[Work to be completed]: What you return should be only the lines starting at the one that contains "Scarlet Macaw Sweatshirt (Front)" and running to the end of the listing, exactly as written, minus any pictures.

--- The data Enclosed Below ---

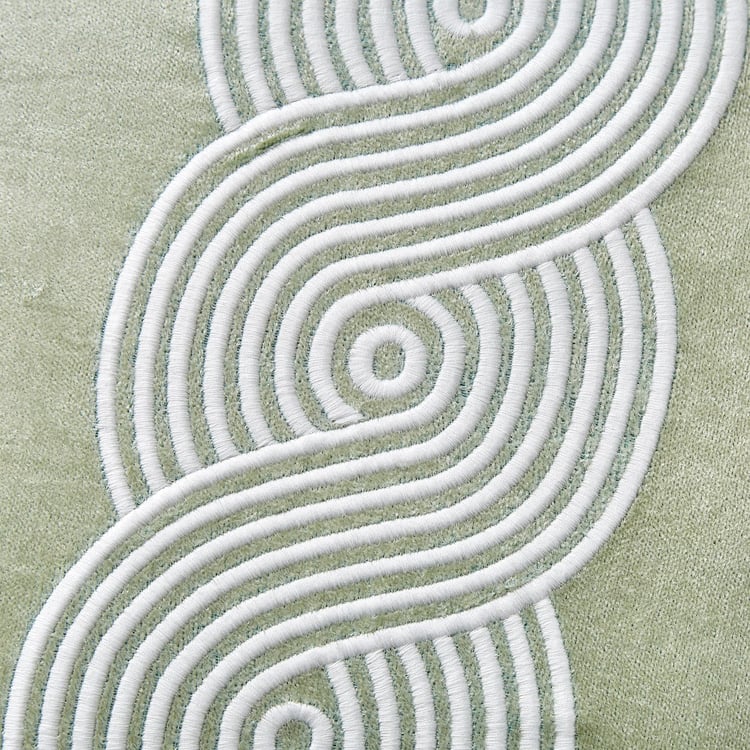 Sharon Zen Embroidered Cushion Cover - 40x40cm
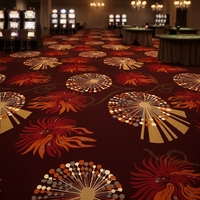 Tapis tissé Axminster commercial WtW antidérapant et ignifuge pour projets d'hôtels, de casinos et de cinémas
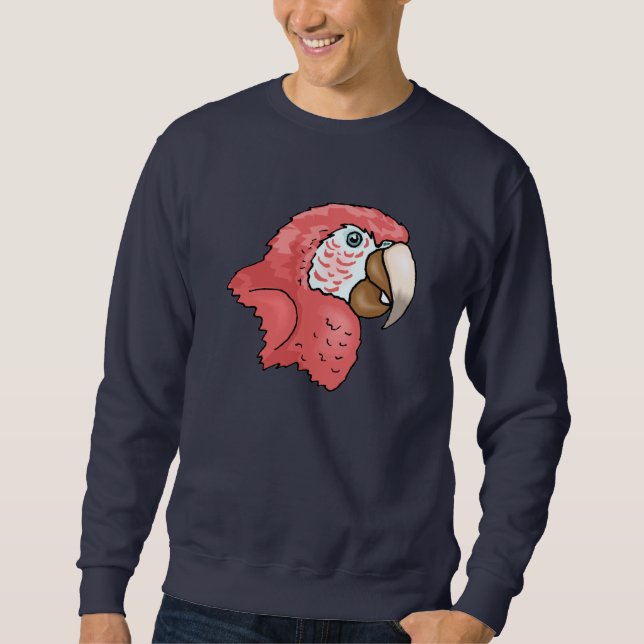 Scarlet Macaw Sweatshirt (Front)
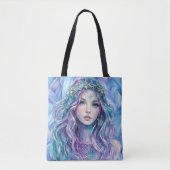Mystic Reflection Zeemeermin Canvas tas- Tote Bag (Voorkant)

--- End of Enclosed The data ---

[Output of the task]:
 Scarlet Macaw Sweatshirt (Front)
Mystic Reflection Zeemeermin Canvas tas- Tote Bag (Voorkant)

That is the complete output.